Exact copy, no pictures: return all the data below as written.
....................
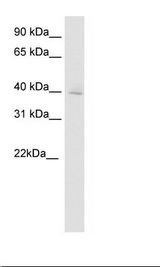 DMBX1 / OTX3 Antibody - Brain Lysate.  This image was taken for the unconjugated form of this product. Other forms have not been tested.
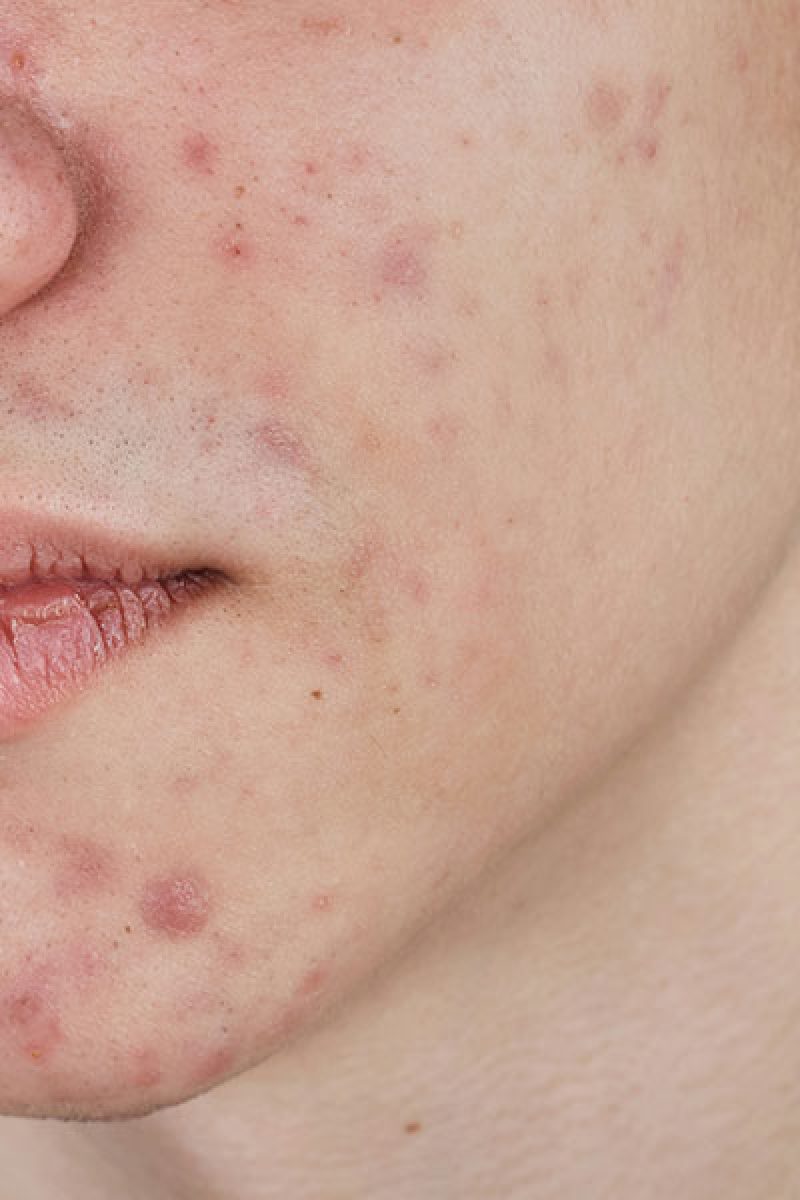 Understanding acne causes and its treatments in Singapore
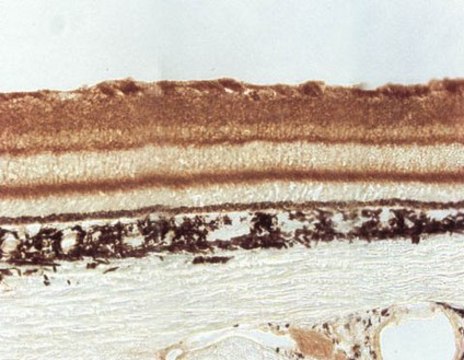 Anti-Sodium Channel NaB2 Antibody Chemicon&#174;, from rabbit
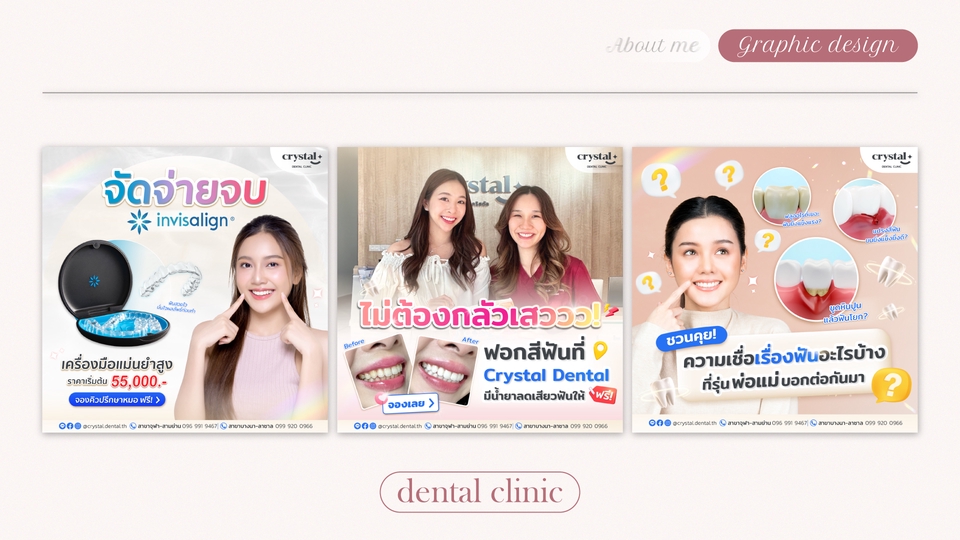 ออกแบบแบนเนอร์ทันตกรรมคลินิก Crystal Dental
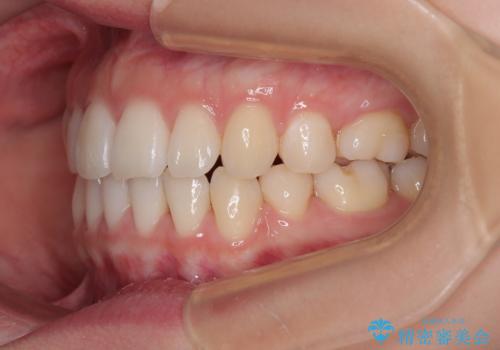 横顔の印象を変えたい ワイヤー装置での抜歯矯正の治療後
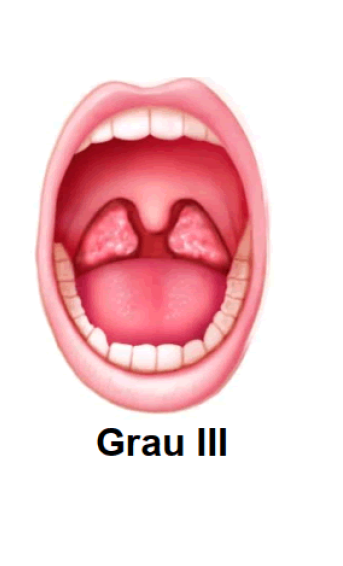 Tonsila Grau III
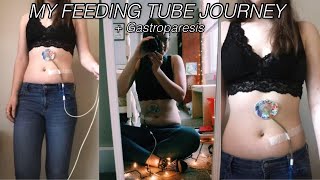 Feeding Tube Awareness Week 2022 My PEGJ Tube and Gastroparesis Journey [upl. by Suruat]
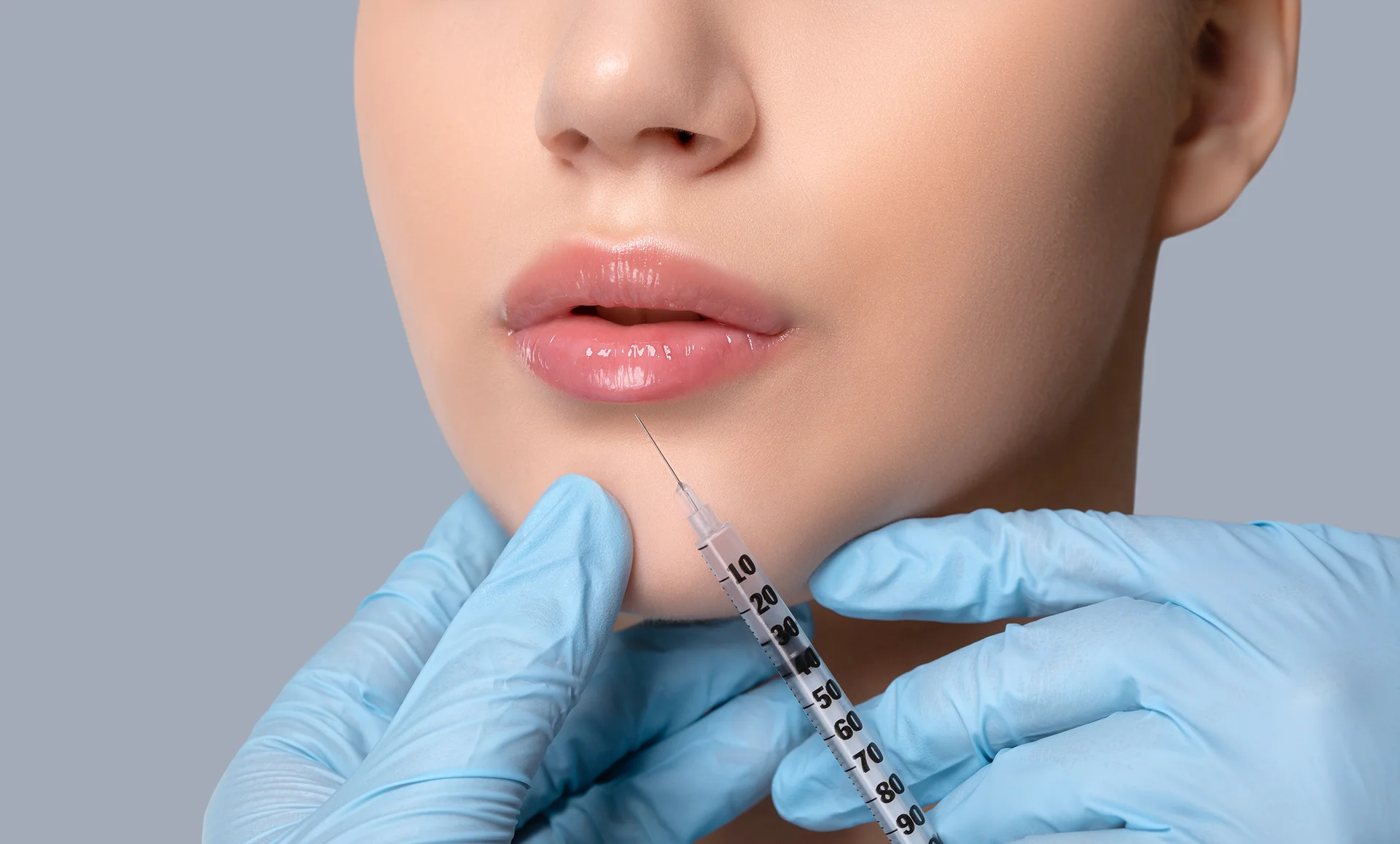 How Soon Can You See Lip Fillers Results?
....................
* _Result of the task_:
 DMBX1 / OTX3 Antibody - Brain Lysate.  This image was taken for the unconjugated form of this product. Other forms have not been tested.
 Understanding acne causes and its treatments in Singapore
 Anti-Sodium Channel NaB2 Antibody Chemicon&#174;, from rabbit
 ออกแบบแบนเนอร์ทันตกรรมคลินิก Crystal Dental
 横顔の印象を変えたい ワイヤー装置での抜歯矯正の治療後
 Tonsila Grau III
 Feeding Tube Awareness Week 2022 My PEGJ Tube and Gastroparesis Journey [upl. by Suruat]
 How Soon Can You See Lip Fillers Results?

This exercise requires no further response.